By Paula Schlueter Ross
A man who was helped by a kind and well-loved deaconess with a heart for helping the less fortunate has been arrested for her murder.
Benjamin Fish, 47, is being held by police in Wichita, Kan., as a suspect in the beating death of LCMS Deaconess Evelyn Middelstadt, 79. Fish, who had driven Middelstadt’s car to Oklahoma and was returned to Wichita by a relative, was charged Aug. 3 with first-degree felony murder, aggravated robbery, and felony theft.
The body of Middelstadt, a retired social worker, was found Aug. 1 at the office of Minority Contractors and Consultants, Inc., where she worked as assistant manager. She was “trusting of people,” according to company president and close friend Moses Thompson, and had a hard time saying “no” to those who asked for help.
In the months before her death, Middelstadt had reportedly given money and rides to Fish, a part-time employee of the firm.
The deaconess was known for her service to others. She co-founded the Kansas Self-Help Network, along with her mother, at her kitchen table in 1984. The network connects those who need help with more than 3,000 support groups, and is the second-largest organization of its kind in the country, according to news reports.
Rev. Allen Hoger, pastor of Immanuel Lutheran Church in Wichita, said Middelstadt will be “especially remembered for finding homes for — and for helping homes with — children with special needs.”
The deaconess also was “an advocate for mutual understanding between the races, and for minority rights,” he said, and “a great asset to Moses Thompson, who sought as a minority business owner to help the residents of central Wichita by securing contracts for demolition and asbestos removal.”
Thompson, who had known Middelstadt for more than 30 years and considered her his closest friend, said the deaconess had helped several of his family members and likely would have forgiven her killer.
“She was that kind of person,” he said, adding, “She taught me how to understand and accept people.”
The deaconess also served the Immanuel congregation through teaching, helping parish families in various ways, administering its “Love Fund” to help members and non-members in financial need, coordinating its English-as-a-second-language program, and overseeing its monthly food-distribution program.
Even though she was slightly built and soft-spoken, Middelstadt “possessed a fiery tenacity when it came to helping others secure what they needed,” Pastor Hoger told Reporter. “She was also very level-headed and kind-spoken, and was cherished for how she always treated people fairly and did not speak ill of anyone.”
A story on the Web site of The Wichita Eagle characterized Middelstadt as “fearless.”
“She thought nothing of walking through known gang neighborhoods and handing out fliers for Immanuel Lutheran Church,” said the Eagle, paraphrasing Phyllis Jenish, parish secretary at Immanuel.
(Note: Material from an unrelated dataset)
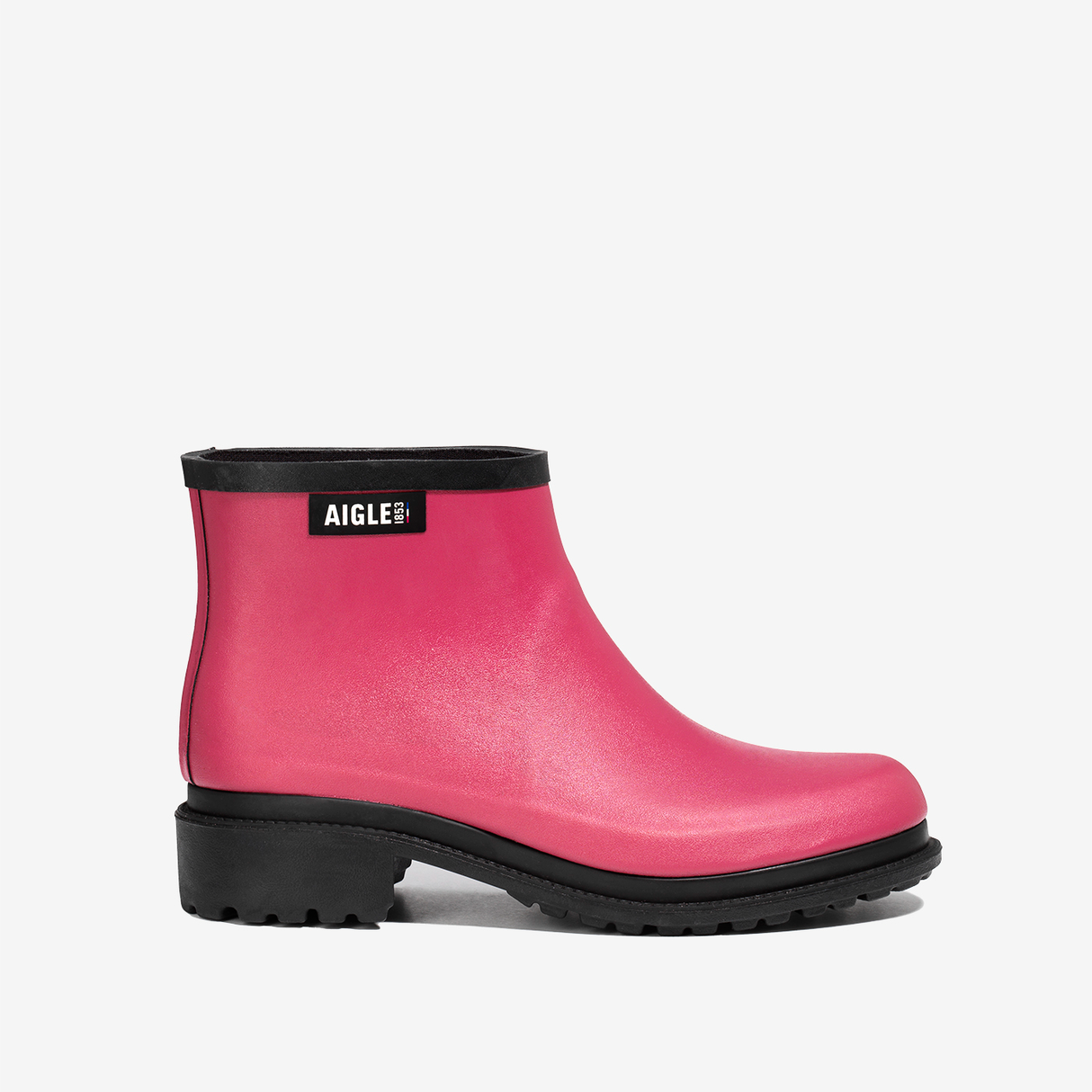 Aigle Fulfeel Low Raspberry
Hoger told the Eagle that Middelstadt wasn’t naïve about danger because she knew what could happen — she had been in frightening situations before. But she willingly went where she needed to go to help others, he said.
“God is going to speak to this community through her death, even as He did through her life,” Hoger told the newspaper.
More than a dozen members of the Lutheran Deaconess Association joined 200-plus mourners at Middelstadt’s Aug. 7 funeral at Immanuel, which featured the Deaconess Litany and “was packed with poignant and joyous hymns,” Hoger said.
The deaconess is survived by a brother and sister-in-law, Ron and Barb Middelstadt of Elk River, Minn.
Memorial contributions may be made to the Lutheran Deaconess Association, 1304 LaPorte Ave., Valparaiso, IN 46383, and the Self-Help Network Center, c/o Wichita State University, Department of Psychology, P.O. Box 201, Wichita, KS 67260.